Indeed, if $R$ is reduced without $\mathbb{Z}$-torsion then it can be embedded into a product of algebraically closed fields of characteristic $0$ (take algebraic closures of the residue fields at the minimal primes), so that one can assume that $R$ is an algebraically closed field of characteristic $0$. Then by Lie's theorem on can assume that the blocks $(M_{i,j})$ are all upper-triangular. By replacing $R$ with an algebraic closure of $R(T)$, and $M_{1,1}$ by $M_{1,1} + T I_k$ if necessary, one can assume that $M_{1,1}$ is invertible.
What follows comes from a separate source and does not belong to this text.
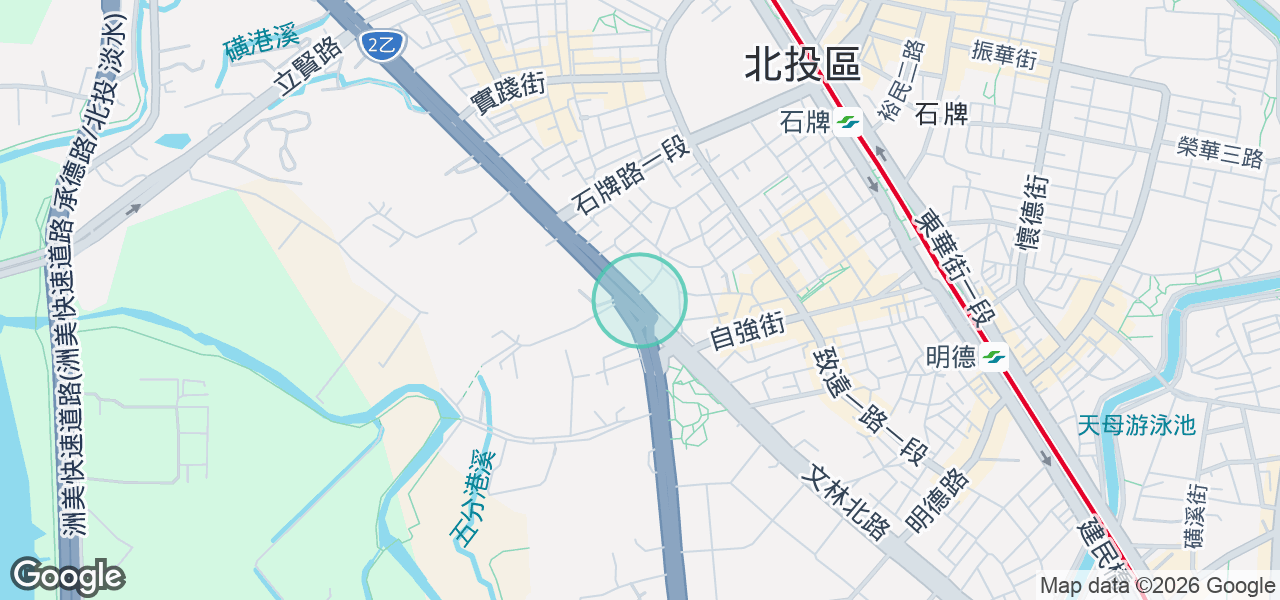 地圖位置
The proof is by induction on $n$, but I will detail only the case $n=2$. In this case one has
$$
\begin{pmatrix} M_{1,1} & M_{1,2} \\ M_{2,1} & M_{2,2} \end{pmatrix} \begin{pmatrix} I_k & - M_{1,1}^{-1} M_{1,2} \\ 0 & I_k \end{pmatrix} = \begin{pmatrix} M_{1,1} & 0 \\ M_{2,1} & M_{2,2} - M_{2,1} M_{1,1}^{-1} M_{1,2} \end{pmatrix},
$$
so that $\mathrm{det}(M) = \mathrm{det}(M_{1,1}) \mathrm{det}(M_{2,2} - M_{2,1} M_{1,1}^{-1} M_{1,2}) $. Since the blocks are upper triangular, the determinants are computed by taking the product of diagonal entries, so that this is equal to $\mathrm{det}(M_{1,1}M_{2,2} - M_{2,1} M_{1,2})$.
The hypothesis "without $\mathbb{Z}$-torsion" is necessary. Indeed, consider $R = F(T)$ where $F$ is a finite field and consider the $R$-vector space $V = R^F = \mathrm{Maps}(F,R)$. Consider the endomorphisms given by
$$
a : f \in V \mapsto (x \mapsto f(x+1)) \\
b : f \in V \mapsto (x \mapsto xf(x)) .
$$
Then $[a,b] = a, [a^{-1},b] = - a^{-1}$, so that the Lie algebra generated by $a,a^{-1},b$ is solvable. Consider the block matrix
$$
\begin{pmatrix} a & Tb \\ b & a^{-1} \end{pmatrix}.
$$
By the computation above, its determinant is
$$\mathrm{det}(\mathrm{id} - aba^{-1}(Tb)) = \mathrm{det}(\mathrm{id} - (b+1)bT)) = \prod_{x \in F} (1 - x(x+1) T).$$
This is a polynomial of degree $|F| - 2$. However,
$$
\mathrm{det}(a a^{-1} - b (Tb)) = \prod_{x \in F} (1 - x^2 T)
$$
has degree $|F| - 1$, hence is not equal to the determinant of our block matrix.